### SUPPLIED INFORMATION

BEGIN

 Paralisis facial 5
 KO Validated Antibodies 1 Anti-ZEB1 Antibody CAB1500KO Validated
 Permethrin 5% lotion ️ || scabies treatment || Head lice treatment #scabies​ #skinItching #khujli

END

### DESCRIPTION OF THE TASK
Every line of the data above is to be copied out exactly.

### TASK ANSWER
 Paralisis facial 5
 KO Validated Antibodies 1 Anti-ZEB1 Antibody CAB1500KO Validated
 Permethrin 5% lotion ️ || scabies treatment || Head lice treatment #scabies​ #skinItching #khujli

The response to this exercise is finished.